» WHAT IS REQUIRED
Write out exactly the lines below starting at the one containing "The jejunum continues" and ending at the one containing "The Infinity Run is". Omit every picture.

» DATA TO USE
※
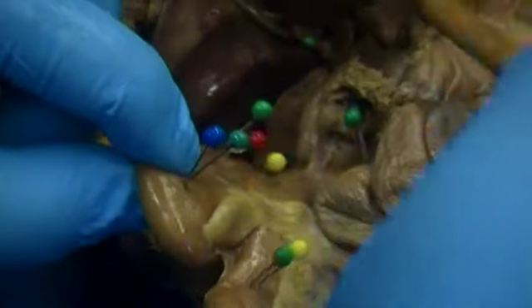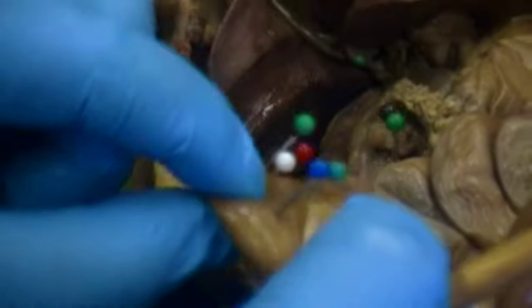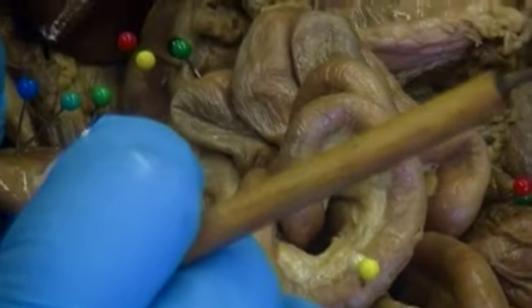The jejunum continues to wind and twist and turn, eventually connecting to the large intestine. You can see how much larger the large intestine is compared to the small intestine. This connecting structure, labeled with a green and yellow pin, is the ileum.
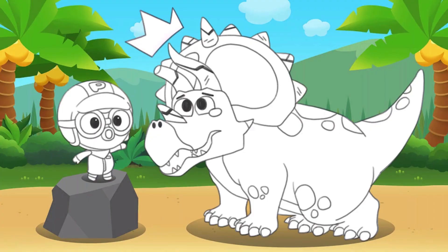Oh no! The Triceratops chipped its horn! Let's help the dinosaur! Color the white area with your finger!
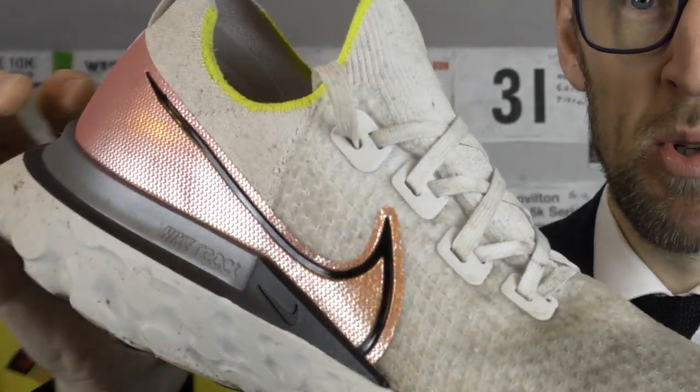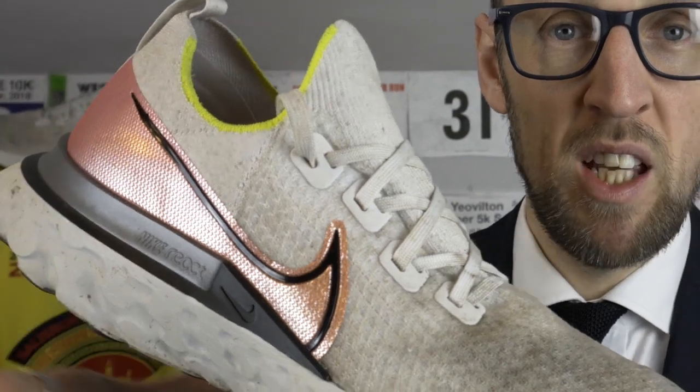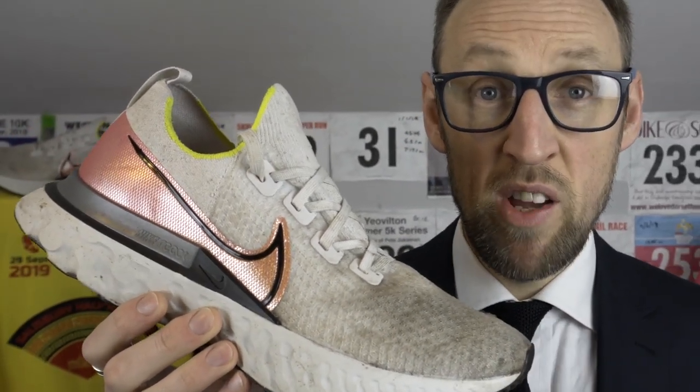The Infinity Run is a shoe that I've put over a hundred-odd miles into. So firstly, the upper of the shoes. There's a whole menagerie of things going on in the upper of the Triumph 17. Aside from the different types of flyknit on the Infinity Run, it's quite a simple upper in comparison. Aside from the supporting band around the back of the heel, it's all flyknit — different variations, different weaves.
※
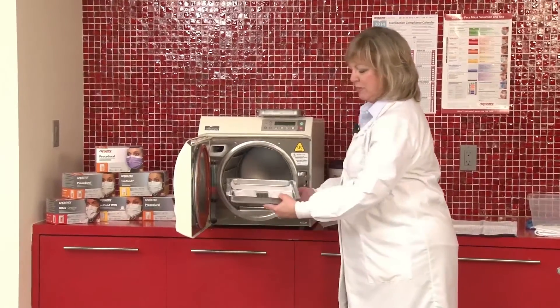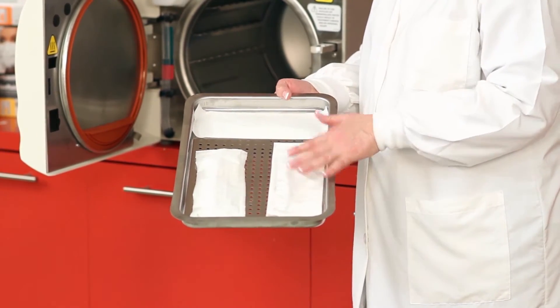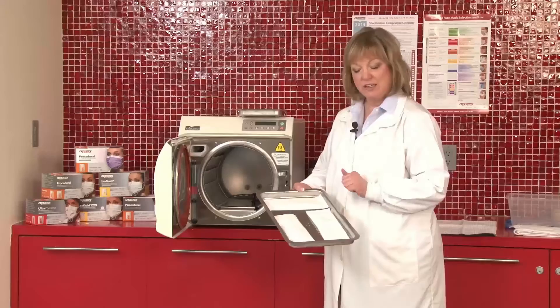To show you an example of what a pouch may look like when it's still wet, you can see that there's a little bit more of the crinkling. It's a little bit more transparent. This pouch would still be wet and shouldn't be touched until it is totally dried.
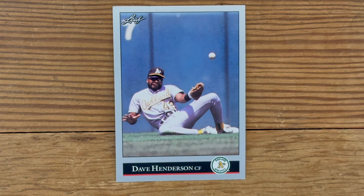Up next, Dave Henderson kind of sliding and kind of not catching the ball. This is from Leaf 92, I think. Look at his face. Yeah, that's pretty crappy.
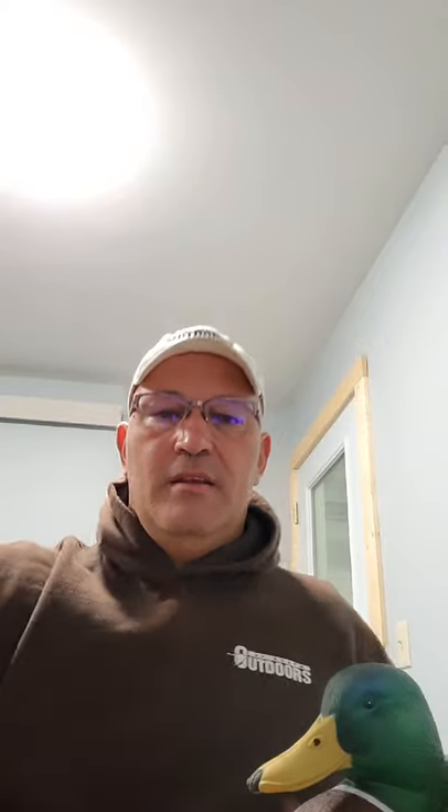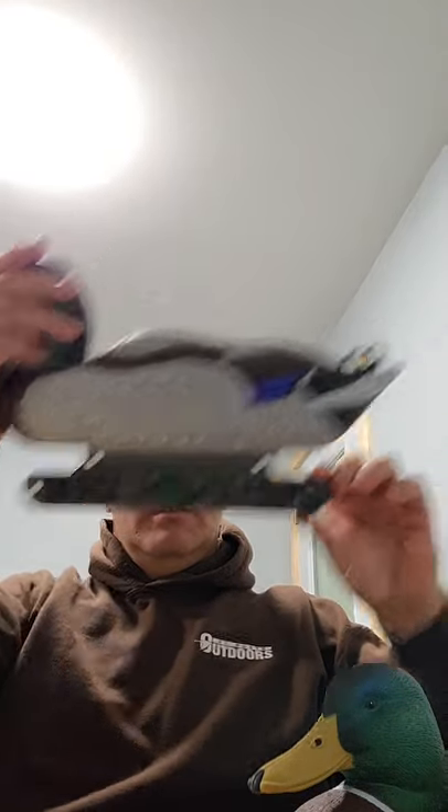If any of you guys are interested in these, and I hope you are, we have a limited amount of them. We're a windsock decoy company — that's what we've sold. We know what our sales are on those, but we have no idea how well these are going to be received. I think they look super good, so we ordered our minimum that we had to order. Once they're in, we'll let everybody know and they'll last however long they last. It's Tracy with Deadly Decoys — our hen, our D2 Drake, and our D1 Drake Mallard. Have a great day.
※
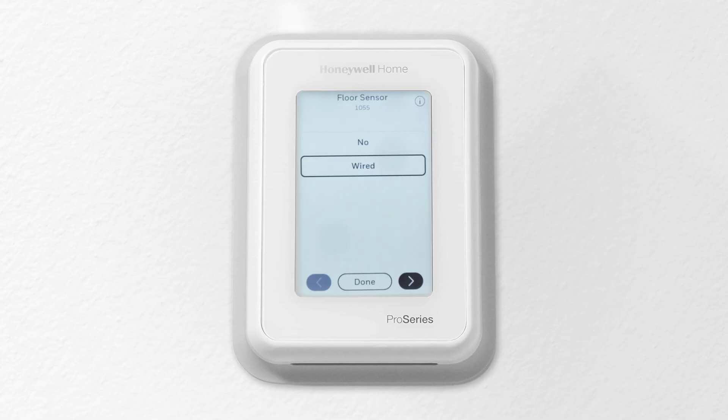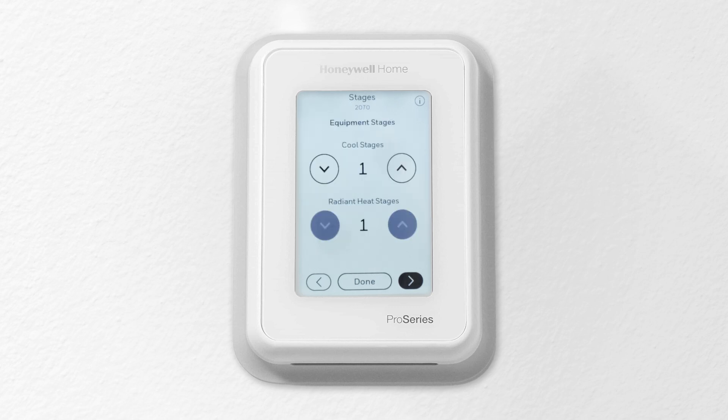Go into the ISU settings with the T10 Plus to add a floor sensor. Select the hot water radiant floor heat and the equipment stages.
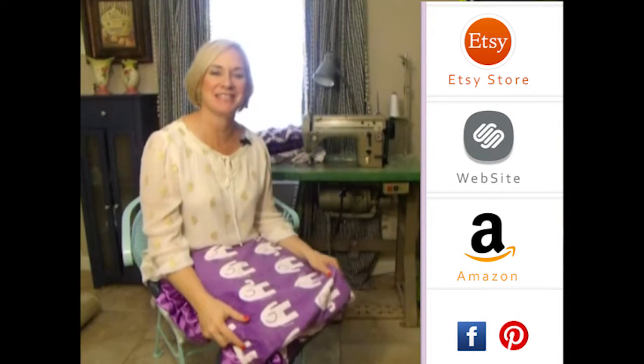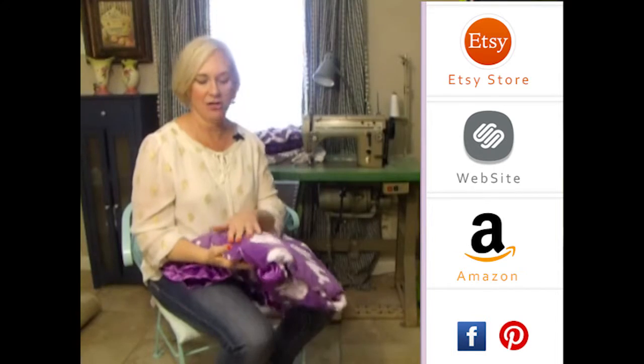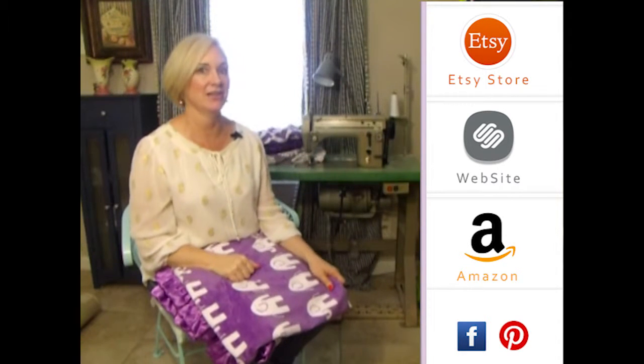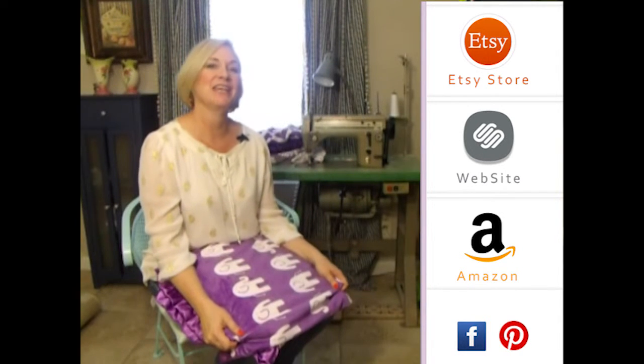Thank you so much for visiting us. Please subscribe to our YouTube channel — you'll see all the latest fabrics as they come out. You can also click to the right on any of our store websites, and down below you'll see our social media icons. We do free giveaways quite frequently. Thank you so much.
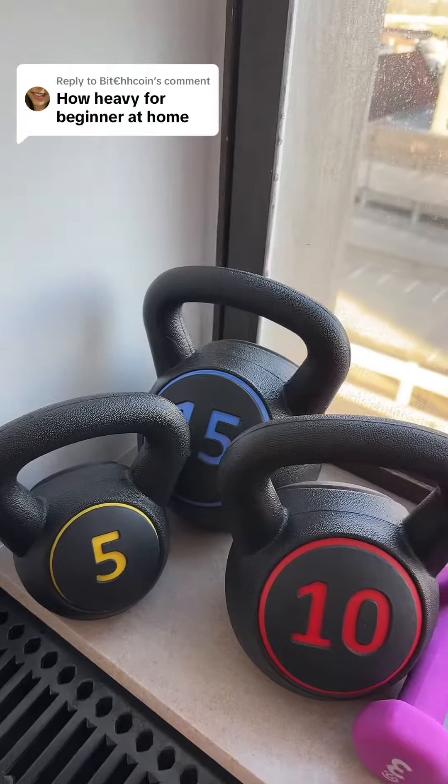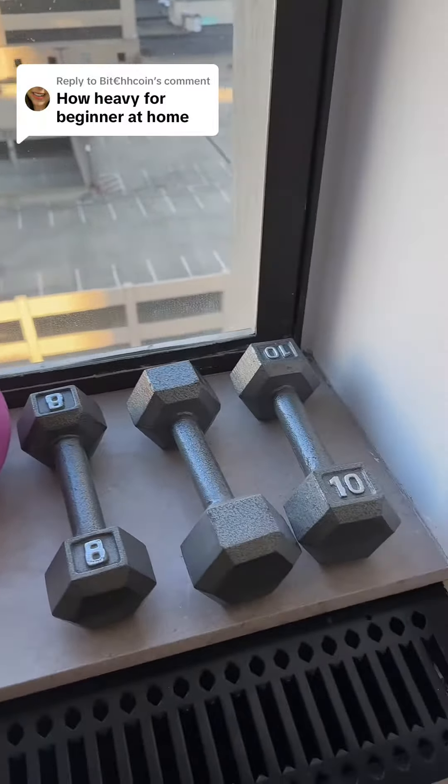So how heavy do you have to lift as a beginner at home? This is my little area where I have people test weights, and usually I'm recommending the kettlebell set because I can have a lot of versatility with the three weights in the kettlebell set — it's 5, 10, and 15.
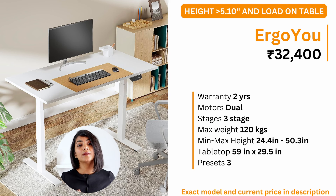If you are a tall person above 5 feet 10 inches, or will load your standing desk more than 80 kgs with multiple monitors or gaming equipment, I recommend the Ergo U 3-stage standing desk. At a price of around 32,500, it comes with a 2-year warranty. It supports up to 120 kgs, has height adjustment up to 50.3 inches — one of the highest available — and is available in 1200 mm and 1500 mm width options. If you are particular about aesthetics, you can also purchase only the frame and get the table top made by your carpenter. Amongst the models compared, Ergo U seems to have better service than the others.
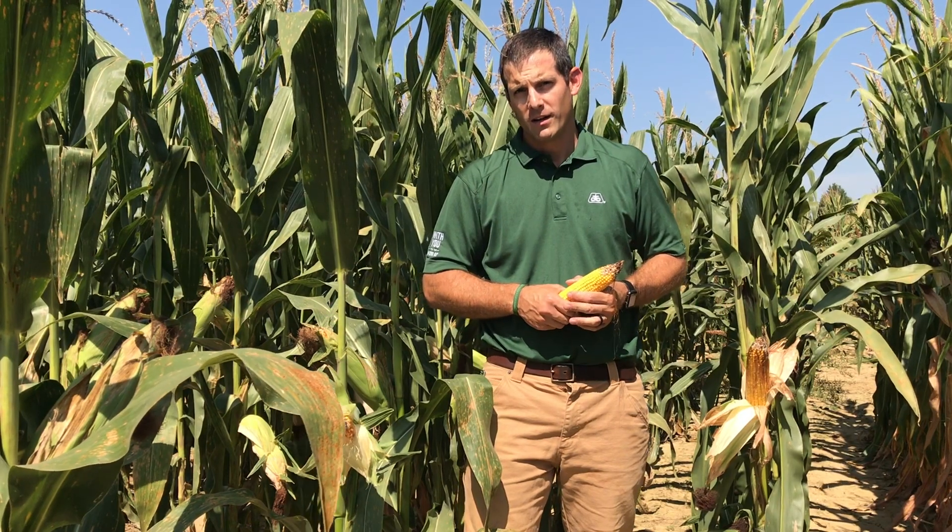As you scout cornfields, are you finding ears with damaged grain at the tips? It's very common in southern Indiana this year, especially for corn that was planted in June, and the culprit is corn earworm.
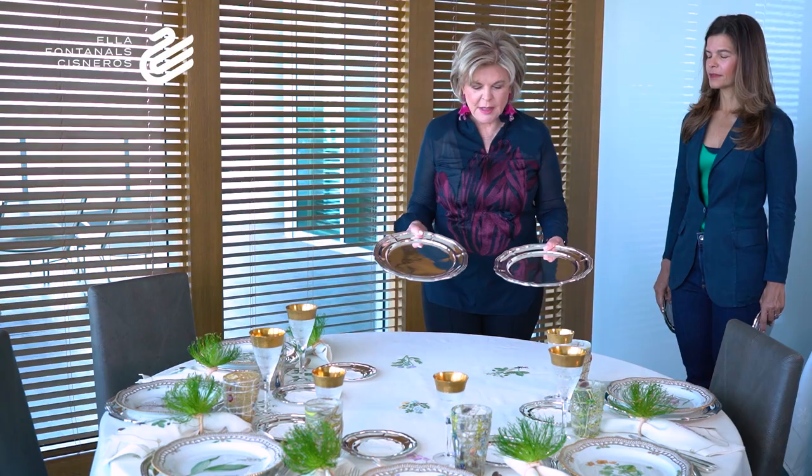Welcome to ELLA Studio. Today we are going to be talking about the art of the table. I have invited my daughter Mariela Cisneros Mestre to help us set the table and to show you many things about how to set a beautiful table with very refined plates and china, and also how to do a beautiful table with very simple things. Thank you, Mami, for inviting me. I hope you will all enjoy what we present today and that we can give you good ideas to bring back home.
※
» ANSWER TO THE EXERCISE
The jejunum continues to wind and twist and turn, eventually connecting to the large intestine. You can see how much larger the large intestine is compared to the small intestine. This connecting structure, labeled with a green and yellow pin, is the ileum.
Oh no! The Triceratops chipped its horn! Let's help the dinosaur! Color the white area with your finger!
The Infinity Run is a shoe that I've put over a hundred-odd miles into. So firstly, the upper of the shoes. There's a whole menagerie of things going on in the upper of the Triumph 17. Aside from the different types of flyknit on the Infinity Run, it's quite a simple upper in comparison. Aside from the supporting band around the back of the heel, it's all flyknit — different variations, different weaves.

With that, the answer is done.